[TASK GOAL]: Repeat the data that follows exactly, starting at the line with "Technician adjusting wall" and ending at the line with "A vehicle is", and leave out every picture.

──────── DATA EXTRACTS

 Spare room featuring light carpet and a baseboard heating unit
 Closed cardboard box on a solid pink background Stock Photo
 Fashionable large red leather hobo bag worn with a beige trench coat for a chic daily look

────────────────
──────── DATA EXTRACTS

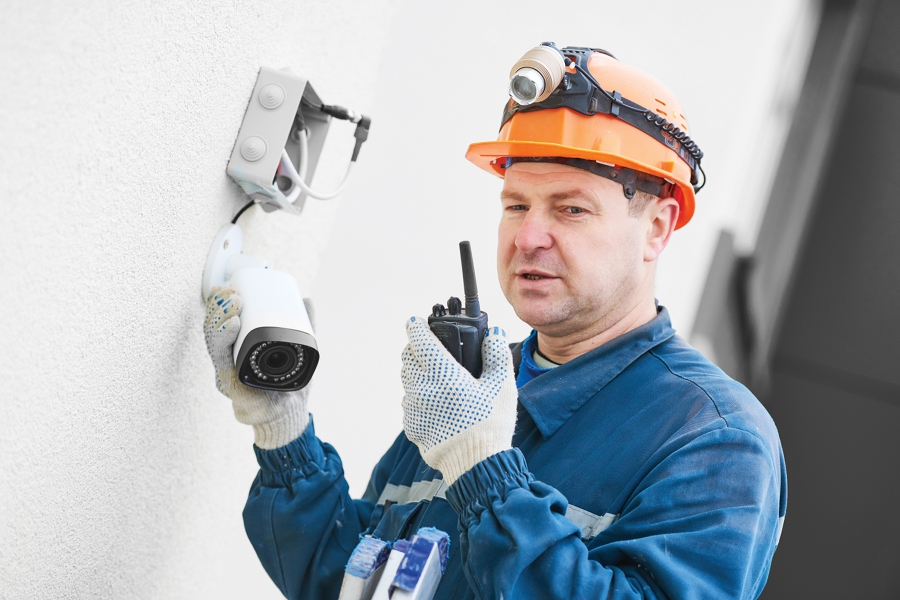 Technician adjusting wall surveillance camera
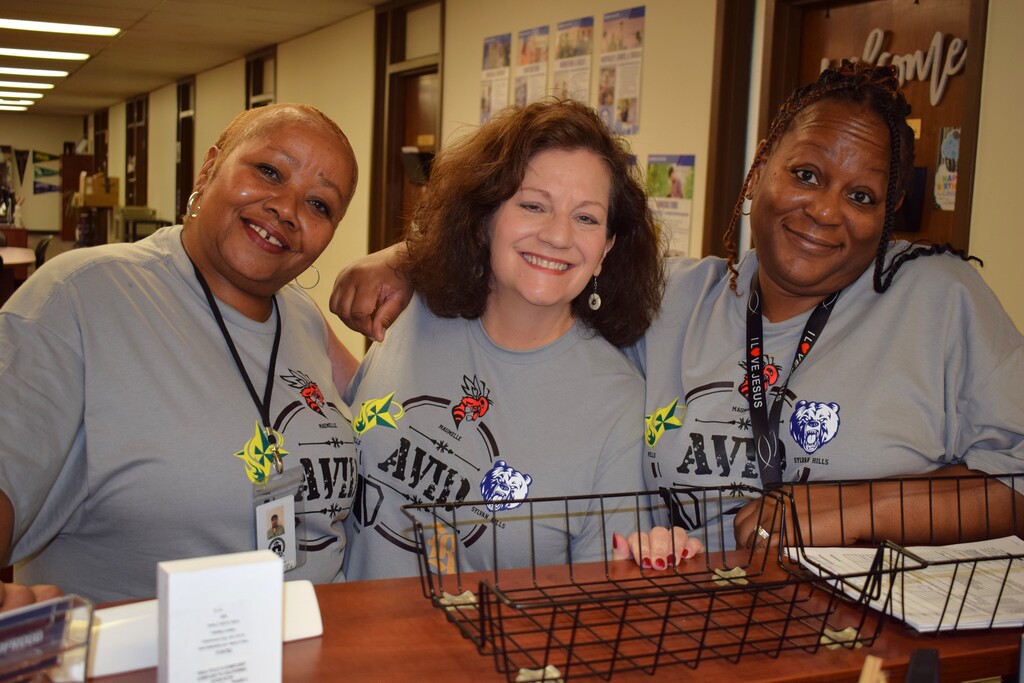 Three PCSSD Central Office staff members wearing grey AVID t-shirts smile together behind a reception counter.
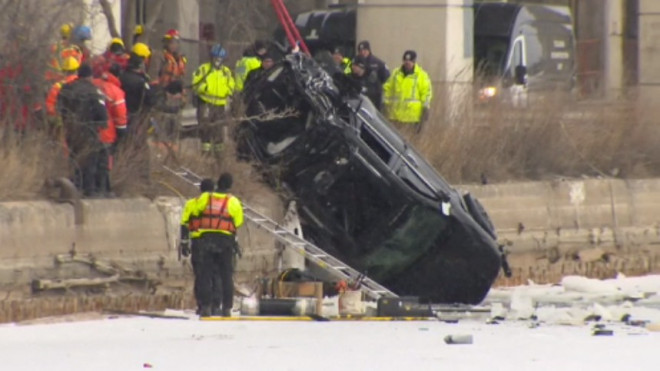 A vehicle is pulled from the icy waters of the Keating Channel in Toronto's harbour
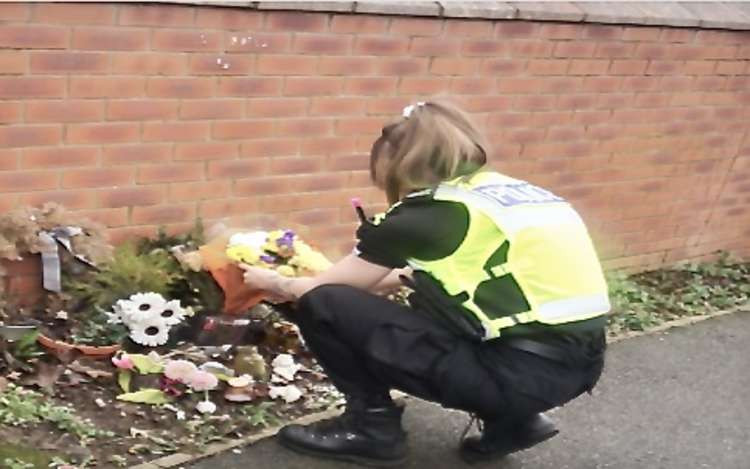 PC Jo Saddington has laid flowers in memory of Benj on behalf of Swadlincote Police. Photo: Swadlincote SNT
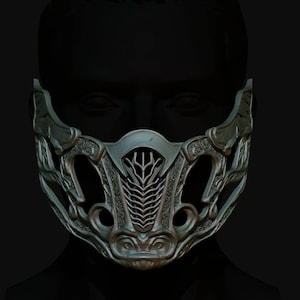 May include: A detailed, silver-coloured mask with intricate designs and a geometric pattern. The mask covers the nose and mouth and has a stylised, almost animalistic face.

────────────────

[SOLUTION TO THIS TASK]:
 Technician adjusting wall surveillance camera
 Three PCSSD Central Office staff members wearing grey AVID t-shirts smile together behind a reception counter.
 A vehicle is pulled from the icy waters of the Keating Channel in Toronto's harbour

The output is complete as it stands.